4 原判決はびんの場合についても、これを同様なものとして、次のように認定している。

「成立に争いのない甲第八号証(昭和四四年〈一九六九年〉一〇月二七日公告の同年特許出願公告第二五四七八号公報)によると、同公報第一頁の発明の詳細な説明の項の第一欄第三五行ないし第二欄第一一行に、「本発明は熱可塑性樹脂を溶融し管状に押し出すこと、その管状体を結晶性樹脂の場合には球晶の発生しない非晶質管状体を得られる温度に急冷すること、また無定形樹脂の場合には延伸最適温度まで冷却すること、冷却された管状体を延伸最適温度で縦方向に延伸すること、縦方向に延伸された管状体を型に入れ、一端を型に挟み、他端より流体を圧入して膨張させ型に密着させること、型に挟み込まれた一端を溶着することにより熱可塑性樹脂より中空成形品を造る方法に関するものであり、縦横二方向に延伸効果が附与されることにより、結晶性有機熱可塑性樹脂の場合には、透明度、物性の向上をはかることができ、また非晶質熱可塑性樹脂の場合には強度を向上させることができるものである。」という記載があることが認められ、この記載によると、熱可塑性樹脂の非晶質管状体を二軸延伸ブロー成形することにより、透明度、物性の向上した中空容器が得られることが開示されているものというべきである。」(五九丁表七行~六〇丁表四行)
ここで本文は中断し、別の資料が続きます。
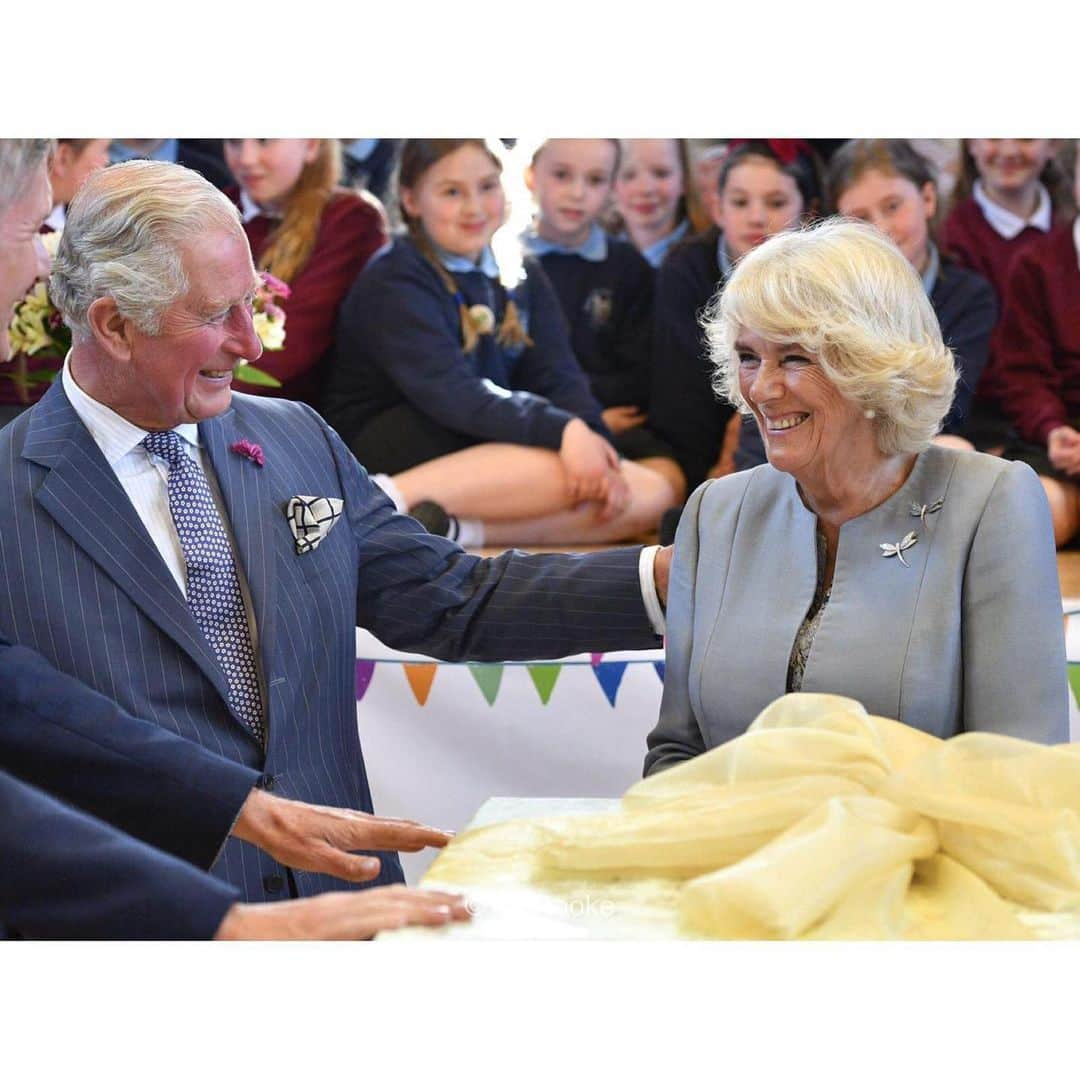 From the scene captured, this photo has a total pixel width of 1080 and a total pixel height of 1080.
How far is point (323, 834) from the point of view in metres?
2.06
なお、右説示中に引用されている甲第八号証の記載中「管状体」とは、前述のパリソンを意味する。

六、 びんの頸部と胴部とに生ずる透明度・物性の差に関する原判決の認定

1 PETのびんは、内径がより小さくかつより肉厚の頸部と、内径がより大でかつより肉薄の胴部との二つの部分を有する。

これについて、原判決は、次のように認定している。

「一般に、普通のびんは機能及び用法上当然に頸部より胴部の方が内径が大となるだけでなく、前掲甲第一号証の一により認められる第一引用例の図面2(本判決別紙(3))からも認められるように、パリソンを使用して中空成形品を製造する場合には、頸部は握持されており二軸に延伸できないから、頸部の内径及び肉厚が胴部のそれらに比して小さくなる」(七一丁表六行~同裏一行)

(注)右の認定において、「頸部の内径及び肉厚が胴部のそれらに比して小さくなる」とあるのは、「頸部の内径が胴部のそれに比して小さくなり、頸部の肉厚が胴部のそれに比して大きくなる」の誤記であると考えられる。
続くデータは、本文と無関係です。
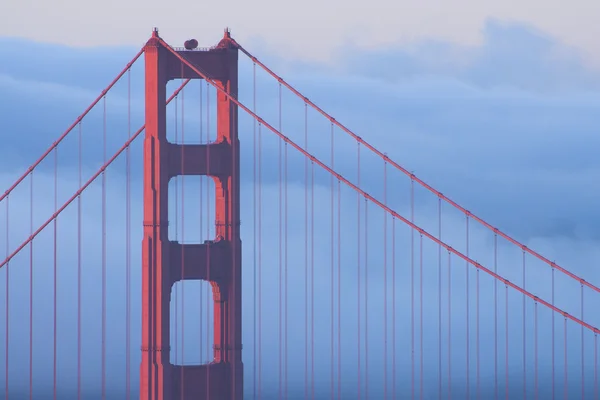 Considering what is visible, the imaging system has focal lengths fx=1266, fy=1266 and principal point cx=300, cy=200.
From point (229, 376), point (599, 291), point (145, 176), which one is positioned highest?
point (145, 176)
「右に述べたように握持部において延伸が十分に生じない以上、無定形パリソンを使用した場合にはその部分が実質的に無定形であることも当然のことであり、」(七一丁裏三行~五行)「成立に争いのない甲第九号証(昭和四二年二月一〇日株式会社地人書館発行「高分子材料の工学的性質Ⅱ」)によると、同書第七五頁の表4・2・7に、PETの引張り強さは未延伸フイルムで六~七kg/mm2(すなわち、六〇〇~七〇〇kg/cm2)、延伸フイルムでは一四~二五kg/mm2(すなわち、一四〇〇~二五〇〇kg/cm2)に増大する旨の記載があることが認められ、また、前掲乙第五号証によると、前掲「プラスチックハンドブック」の第五一六頁に、表2・16・2として本判決別紙(4)のとおりの表が記載されており、そこにPETの延伸フイルムであるマイラーフイルムの引張り強さが一七〇〇〇~二五〇〇〇psi(すなわち二九五・二kg/cm2~一七五七・七kg/cm2)の引張り強さを有するものである旨の記載があることが認められる。そして、本願発明のびんの胴部分は右フイルムと同様に延伸され配向している」(七三丁表末行~七四丁表三行)

「胴部が頸部よりも大きな密度を有することについてみると、右に述べたように、頸部が無定形状態であるのに対し、胴部は延伸により配向されており、頸部に比して当然に結晶化度が高いのである。そして、前記第二引用例の第二頁の第1表(本判決別紙(2))から理解できるように、結晶化度が高いものは密度の大きいことは自明のことである。」(七四丁表六行~末行)

2 右の認定によれば、びんの胴部は、ブロー成形により、二軸延伸されて、配向が起る結果、前記甲第八号証にある如く、透明度・物性が向上するが、びんの頸部は、その部分が握持されたままブロー成形が行なわれるため、二軸延伸ができず、実質的に無定形のままであり、透明度、物性の向上がみられないというのである。びんの頸部から胴部に至るまでの部分も、胴部ほどには二軸延伸が行なわれず、配向の程度が低く、比較的厚い外殻を有している(甲第一一号証四頁7欄三六~末行参照)ので、胴部に比べると透明度・物性の向上がはかられないことになるわけである。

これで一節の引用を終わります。